DATA EXCERPT: Begin

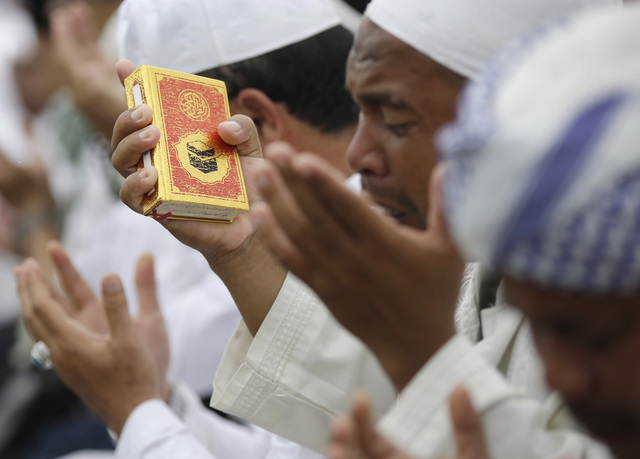 A Muslim man hods a Quran as he prays during a rally against Jakarta's minority Christian Governor Basuki "Ahok" Tjahaja Purnama who is being prosecuted for blasphemy, at the National Monument in  ...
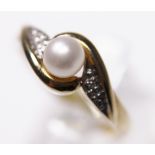 9CT GOLD PEARL SOLITAIRE. 9ct gold real pearl solitaire ring with diamond shoulders, size O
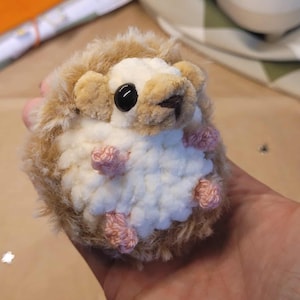 Pode incluir: Um brinquedo de pelúcia de ouriço-cacheiro feito à mão. O ouriço tem um corpo castanho claro e creme com uma textura fofa. Apresenta uma barriga branca, olhos pretos e pés cor-de-rosa de crochê. O brinquedo foi projetado para se assemelhar a um ouriço.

DATA EXCERPT: End

Up to and including the last line of the listing, starting at the line with "9CT GOLD PEARL", extract every line exactly and leave out the pictures.

* **ANSWER TO THIS PROBLEM**:
 9CT GOLD PEARL SOLITAIRE. 9ct gold real pearl solitaire ring with diamond shoulders, size O
 Pode incluir: Um brinquedo de pelúcia de ouriço-cacheiro feito à mão. O ouriço tem um corpo castanho claro e creme com uma textura fofa. Apresenta uma barriga branca, olhos pretos e pés cor-de-rosa de crochê. O brinquedo foi projetado para se assemelhar a um ouriço.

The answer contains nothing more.